▶ _ACTIVITY_: Restate the records underneath, keeping each one exactly the same.

═══ STORED DATA

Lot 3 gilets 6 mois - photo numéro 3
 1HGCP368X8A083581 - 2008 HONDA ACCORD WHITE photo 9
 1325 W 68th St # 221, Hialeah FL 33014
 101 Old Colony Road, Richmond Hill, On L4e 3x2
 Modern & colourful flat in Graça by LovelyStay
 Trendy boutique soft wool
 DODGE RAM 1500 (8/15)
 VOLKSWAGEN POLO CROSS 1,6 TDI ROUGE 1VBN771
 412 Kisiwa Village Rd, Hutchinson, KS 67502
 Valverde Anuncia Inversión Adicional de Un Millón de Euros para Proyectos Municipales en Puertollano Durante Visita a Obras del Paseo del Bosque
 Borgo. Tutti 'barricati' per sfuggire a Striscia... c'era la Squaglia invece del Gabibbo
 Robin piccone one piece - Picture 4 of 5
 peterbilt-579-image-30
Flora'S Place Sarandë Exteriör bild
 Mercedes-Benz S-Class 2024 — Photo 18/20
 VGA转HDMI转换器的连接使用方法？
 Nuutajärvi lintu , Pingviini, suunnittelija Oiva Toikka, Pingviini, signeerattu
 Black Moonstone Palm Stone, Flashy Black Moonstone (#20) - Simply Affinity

══════

▶ _EXERCISE SOLUTION_:
Lot 3 gilets 6 mois - photo numéro 3
 1HGCP368X8A083581 - 2008 HONDA ACCORD WHITE photo 9
 1325 W 68th St # 221, Hialeah FL 33014
 101 Old Colony Road, Richmond Hill, On L4e 3x2
 Modern & colourful flat in Graça by LovelyStay
 Trendy boutique soft wool
 DODGE RAM 1500 (8/15)
 VOLKSWAGEN POLO CROSS 1,6 TDI ROUGE 1VBN771
 412 Kisiwa Village Rd, Hutchinson, KS 67502
 Valverde Anuncia Inversión Adicional de Un Millón de Euros para Proyectos Municipales en Puertollano Durante Visita a Obras del Paseo del Bosque
 Borgo. Tutti 'barricati' per sfuggire a Striscia... c'era la Squaglia invece del Gabibbo
 Robin piccone one piece - Picture 4 of 5
 peterbilt-579-image-30
Flora'S Place Sarandë Exteriör bild
 Mercedes-Benz S-Class 2024 — Photo 18/20
 VGA转HDMI转换器的连接使用方法？
 Nuutajärvi lintu , Pingviini, suunnittelija Oiva Toikka, Pingviini, signeerattu
 Black Moonstone Palm Stone, Flashy Black Moonstone (#20) - Simply Affinity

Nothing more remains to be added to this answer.